▸ Work required
Once you find the line with "Schülergruppe führt Experiment" in the entries below, print it and each line after it up to and including the line with "Garden Chalet", exactly, without pictures.

(Exercise materials begins)

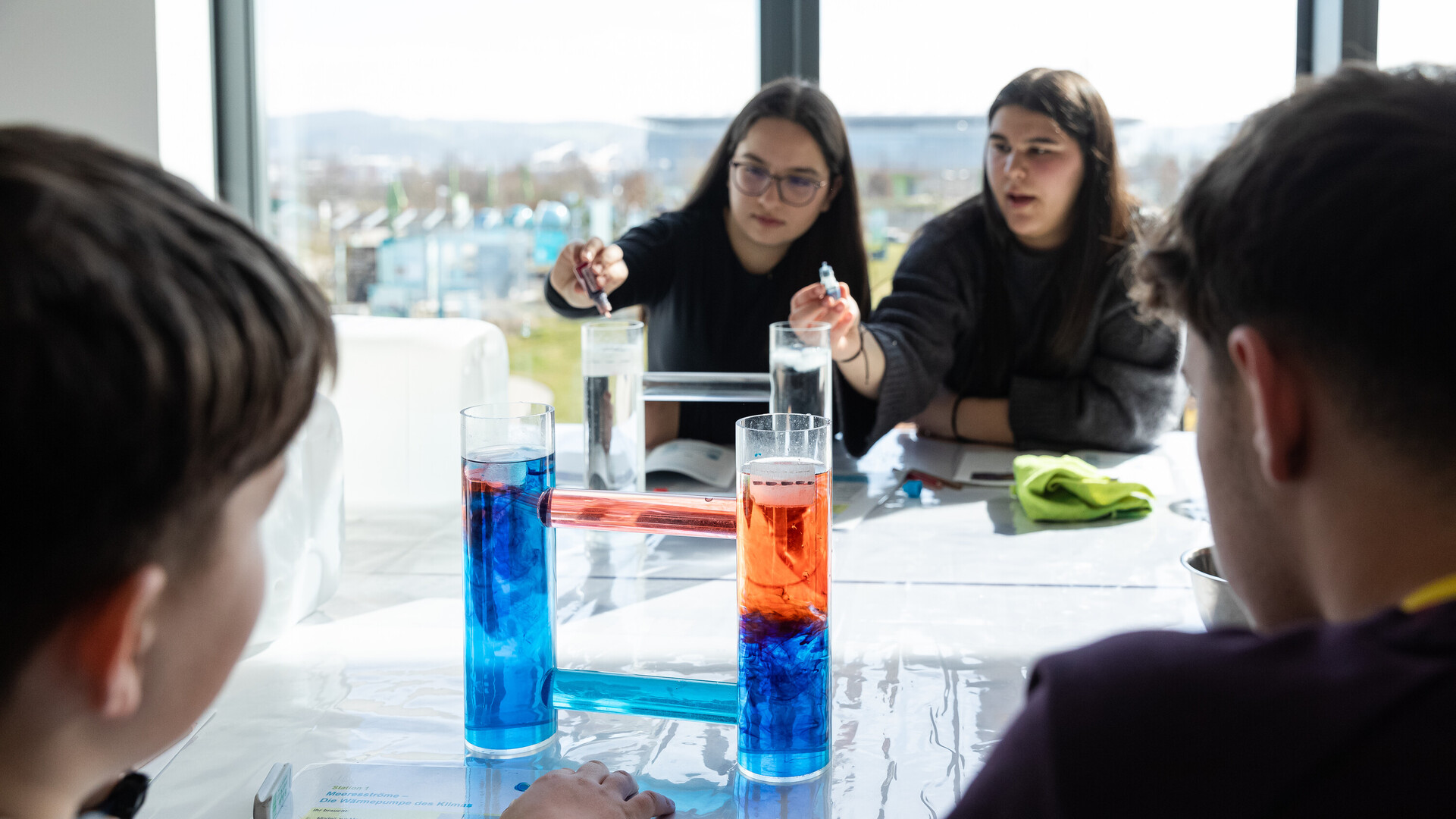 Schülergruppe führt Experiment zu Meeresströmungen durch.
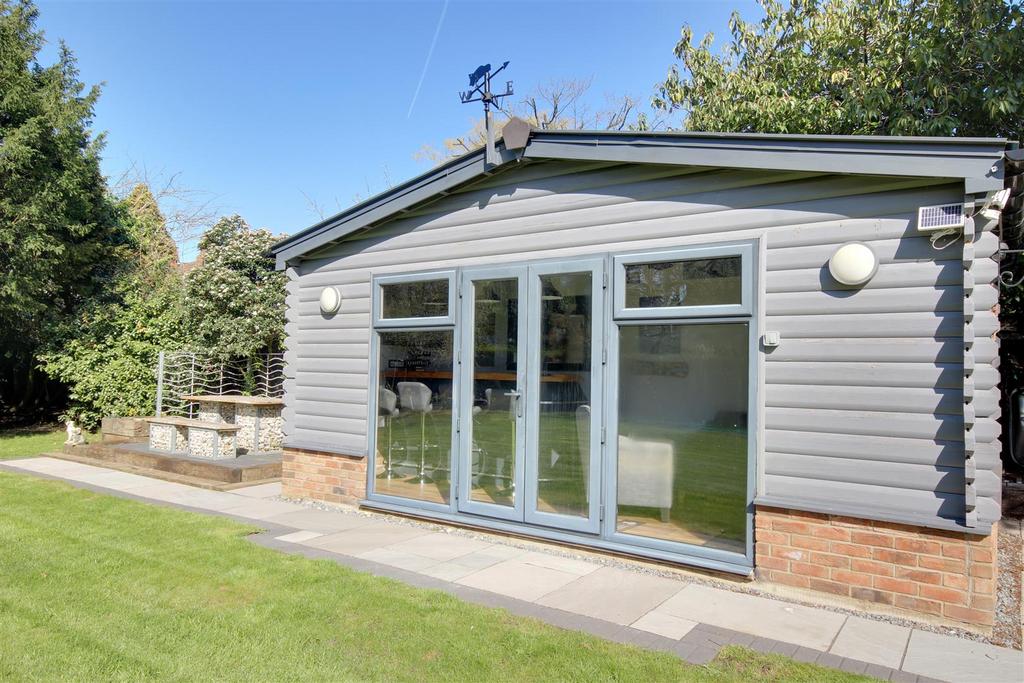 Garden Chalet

(Exercise materials ends)
(Exercise materials begins)

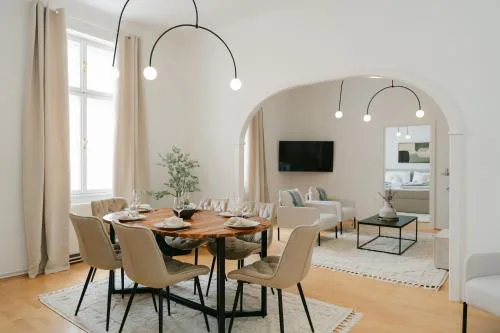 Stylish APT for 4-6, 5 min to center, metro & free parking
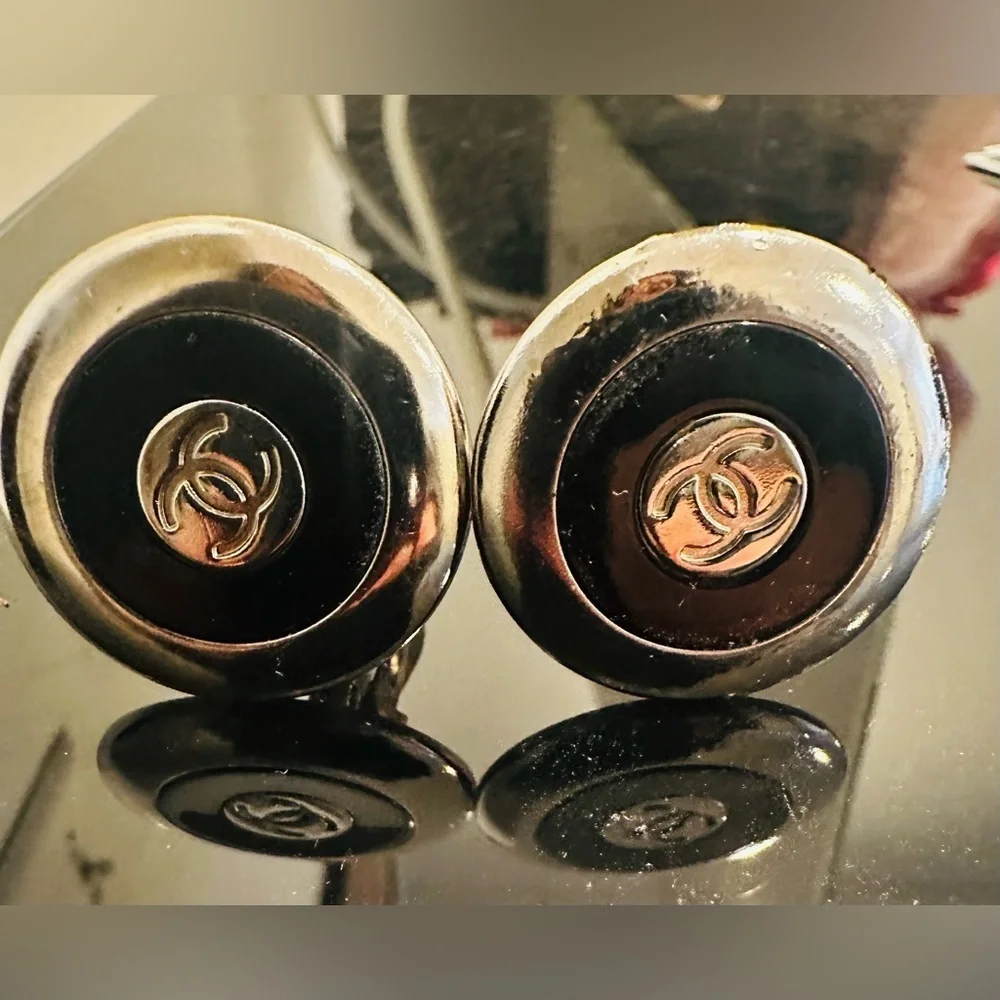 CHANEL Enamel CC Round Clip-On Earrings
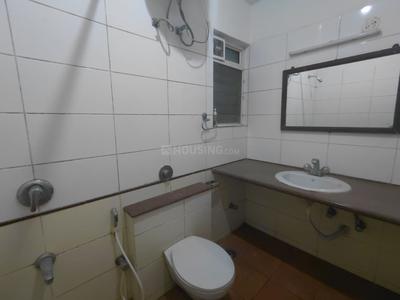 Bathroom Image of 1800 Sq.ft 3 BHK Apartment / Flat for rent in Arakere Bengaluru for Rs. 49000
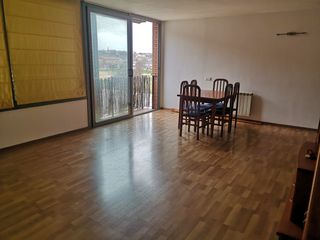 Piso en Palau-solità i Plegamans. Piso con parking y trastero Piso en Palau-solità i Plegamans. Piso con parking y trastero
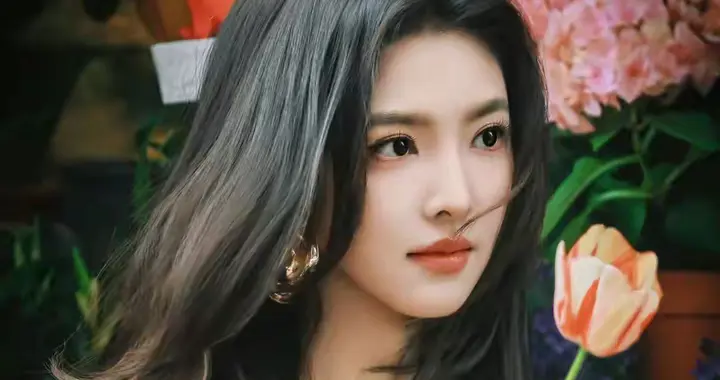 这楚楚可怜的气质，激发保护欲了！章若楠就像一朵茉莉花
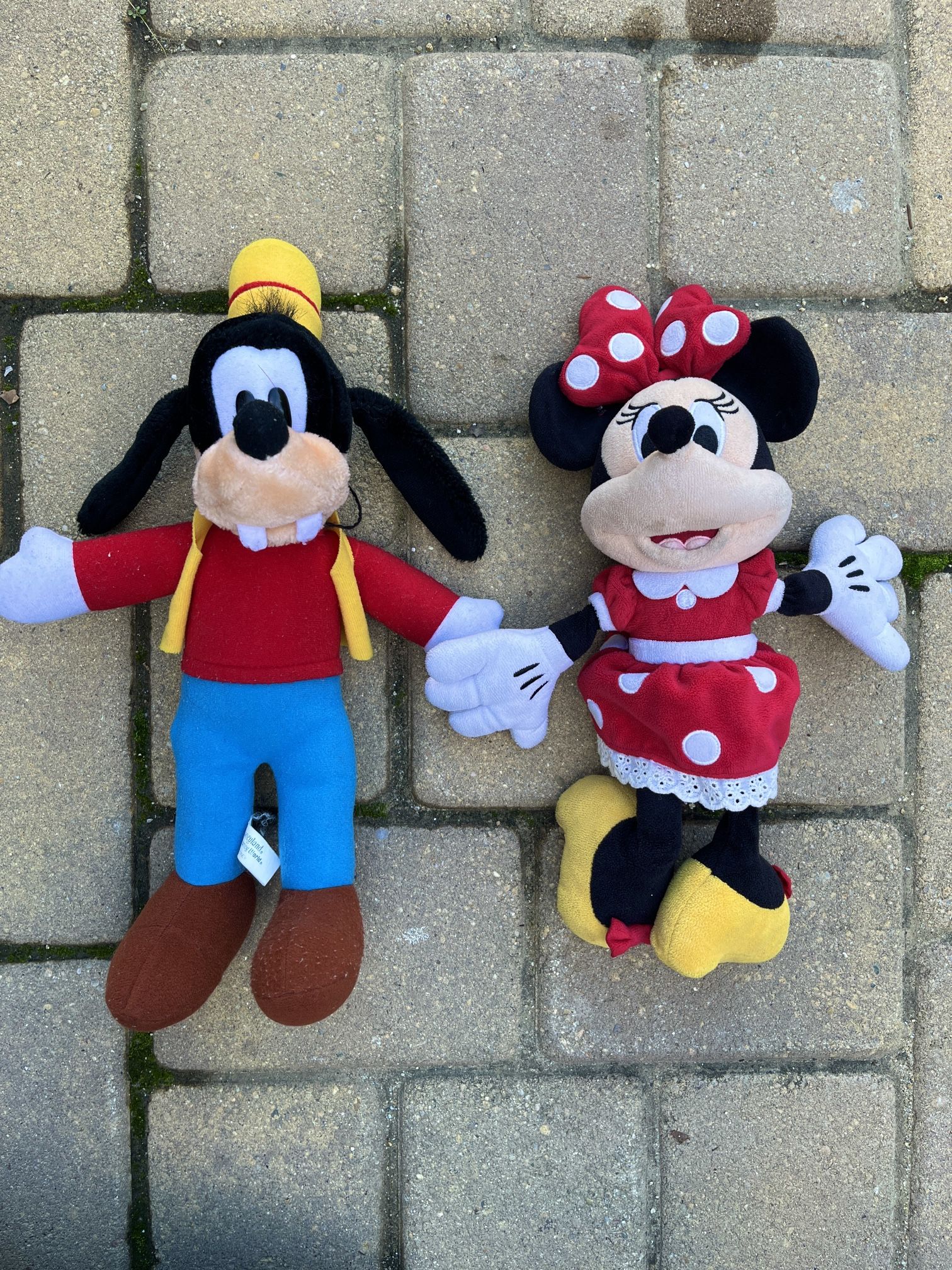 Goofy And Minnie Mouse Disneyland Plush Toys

(Exercise materials ends)
(Exercise materials begins)

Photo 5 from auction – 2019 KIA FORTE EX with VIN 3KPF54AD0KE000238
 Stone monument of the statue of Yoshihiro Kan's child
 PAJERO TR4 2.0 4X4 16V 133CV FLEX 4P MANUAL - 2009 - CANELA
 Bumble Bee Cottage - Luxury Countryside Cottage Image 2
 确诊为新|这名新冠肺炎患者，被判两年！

(Exercise materials ends)

▸ Solution to the problem
 Schülergruppe führt Experiment zu Meeresströmungen durch.
 Garden Chalet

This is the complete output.